* [What needs to be done] Every line of the listing must be reproduced as it stands. Leave the images behind.

##### Source material

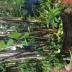 Homestay in Palm Cove
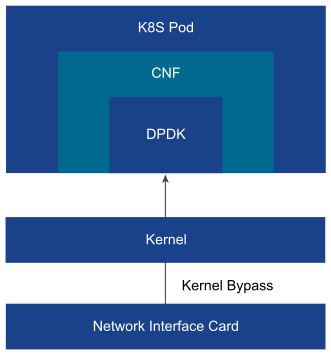 DPDK Passthrough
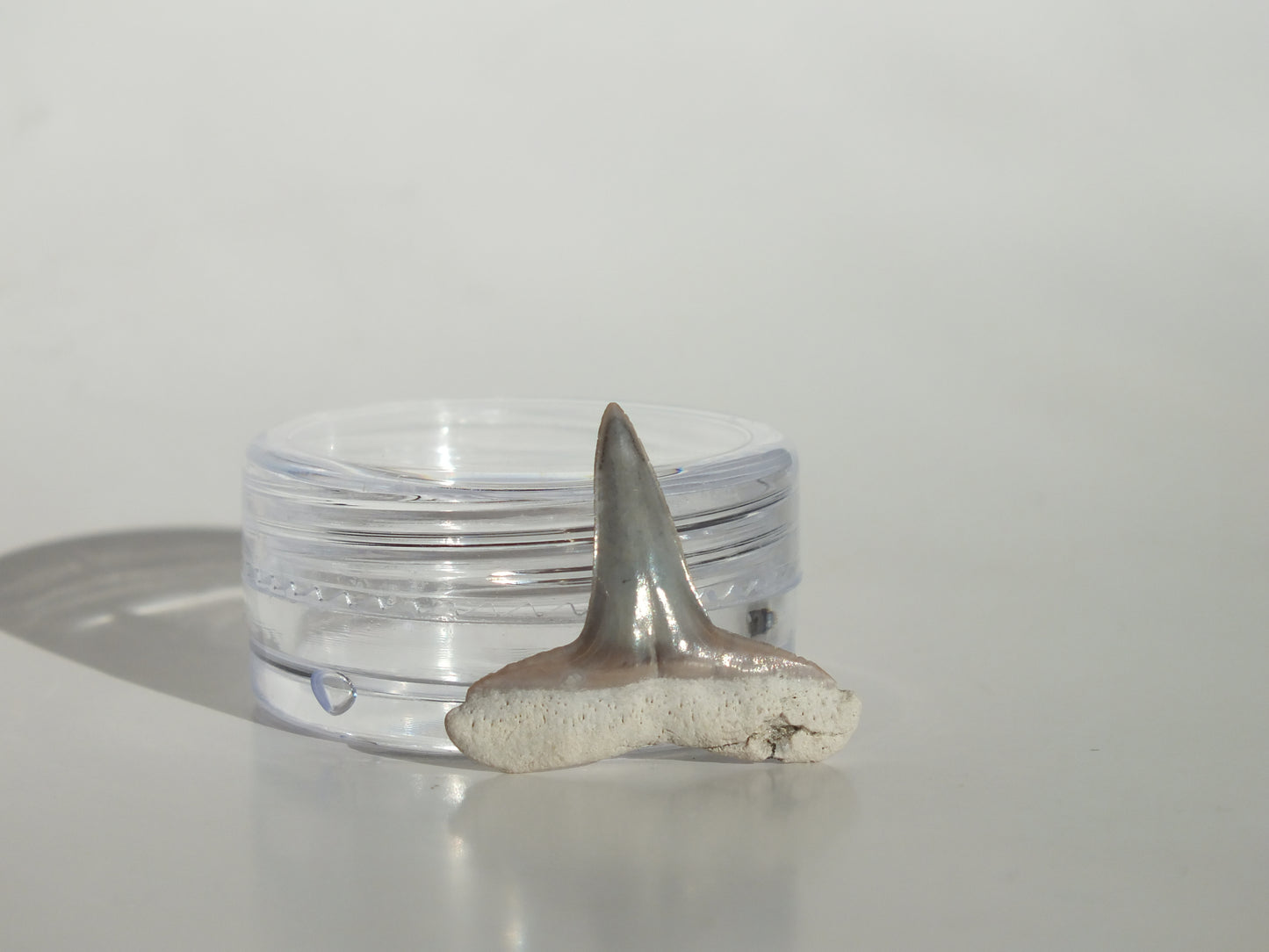 0.8" Fossil Lemon Shark Tooth (Bone Valley)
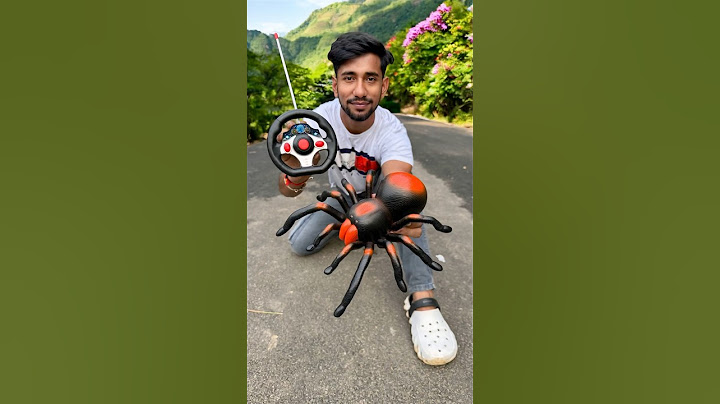 2 Rc sap vs Remote wala spider 😍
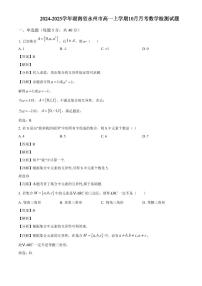 2024-2025学年湖南省永州市高一上学期10月月考数学检测试题（附解析）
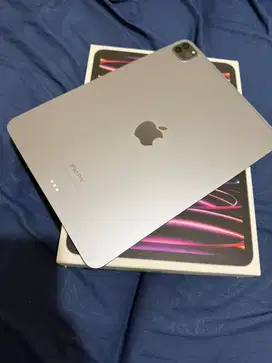 Ipad Pro 11 inch 4th Gen WIFI Grey 128Gb
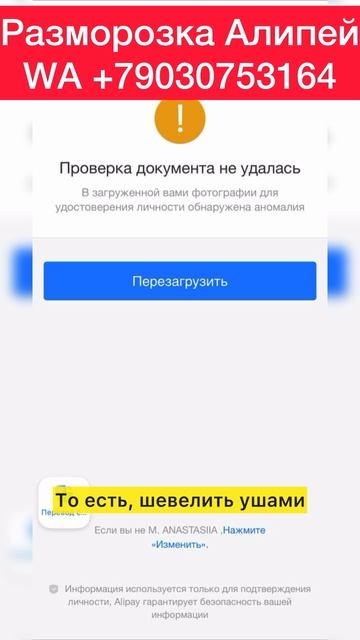Алипей верификация не идет как быть смотреть онлайн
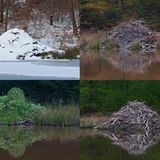 Biberburg im Wechsel der Jahreszeiten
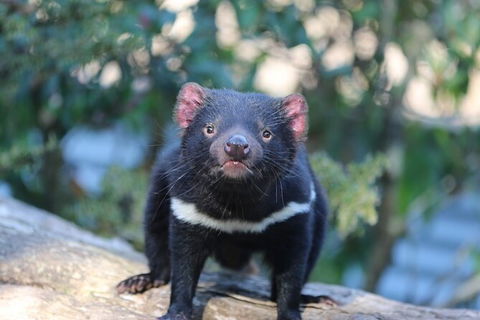1-Hour Tasmanian Devil Feeding Day Tour At Cradle Mountain - Surfers Paradise Gold Coast 5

##########

* [Task response]
 Homestay in Palm Cove
 DPDK Passthrough
 0.8" Fossil Lemon Shark Tooth (Bone Valley)
 2 Rc sap vs Remote wala spider 😍
 2024-2025学年湖南省永州市高一上学期10月月考数学检测试题（附解析）
 Ipad Pro 11 inch 4th Gen WIFI Grey 128Gb
Алипей верификация не идет как быть смотреть онлайн
 Biberburg im Wechsel der Jahreszeiten
1-Hour Tasmanian Devil Feeding Day Tour At Cradle Mountain - Surfers Paradise Gold Coast 5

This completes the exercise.